Perhaps the reason for not being more outgoing socially is that I am oversensitive and shun the emotions of fear and discomfort I often derive from interaction with people. That fear itself is plausibly what has attracted the very people I most do not want to interact with – whom, in fact, I have shunned entirely and whose existence I am reluctant to recognise, thereby casting my karmic net into the sea of Oneness to catch those who would serve me by showing me the error of my ways; a cosmic paradigm against which I arrogantly and defiantly rebel! They do exist and they deserve to be loved equally…apparently. Yet, it is all too easy to love the lovers and not the haters! The number one issue might well be that I myself have always been reluctant to receive love. This is undoubtedly an issue that is rooted in previous lifetimes and might well be the very cause of being hurled into such a negative arena in childhood.

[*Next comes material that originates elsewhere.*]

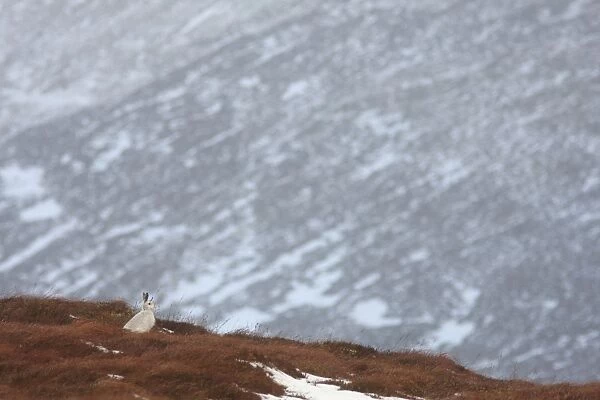 Mountain Hare (Lepus timidus) adult, white winter coat, sitting in snow covered upland habitat, Strathspey, Cairngorm N. P. Highlands, Scotland, december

“The Sufis (the lighthearted, mystical Muslim sect which includes whirling dervishes) say it is easy to give with an open heart, but to reach enlightenment you have to learn to receive with an open heart, which is far more difficult.
                Kabbalah (the lighthearted mystical ‘yoga’ of Judaism, involving among other practices, meditation on the ‘tree of life’) literally means ‘to receive.’
                In Taoist thought, to give is a function of yang energy, while to receive is a function of yin. Any preponderance of one over the other will eventually cause an imbalance affecting all aspects of your life, including your health, wealth and happiness.”
- Barefoot Doctor (Dear Barefoot. Taoist Wisdom For Everyday Living, Atlantic Books on behalf of Guardian Newspapers Ltd, London, U.K., 2004, p.95).


These are the tears I've been crying my whole life
Like an ocean of desire
I'm reaching through the noise
Across the dusk of time
Within the lilting lies
I am singing out to you.
- From >The Crying Tree of Mercury= (The Smashing Pumpkins, lyrics by Billy Corgan, 2000).

“You have all been seeking love for your entire lifetime. Well, you are about to find it. You will find an amplified version of that which you have already been experiencing. Love is a difficult thing to achieve while you are in the third-dimensional reality, as you all know. You have been trying in many ways to grasp on to this elusive experience. It has been scarce here. It will be more abundant in the future, much more abundant. The fact that it is scarce in the third-dimensional reality is an aberration. It is not the rule in the universe. Actually, love is the essential ingredient, the essential building block of all the universe. So you volunteers have come here to bring a little bit more love to an atmosphere which has been quite devoid of it. You have all succeeded in various degrees, but now it is time for you to return to your true state and your true allotment of this precious elixir. For you can only share that which you have in abundance. Most of you are still struggling to have even enough for yourselves.” – Sananda (channelled through Eric Klein, The Crystal Stair. A Guide to the Ascension, Oughton House Publications, CA, U.S., 1990, p.129-130).

“And we should consider every day lost on which we have not danced at least once. And we should call every truth false which was not accompanied by at least one laugh.” - Friedrich Nietzsche.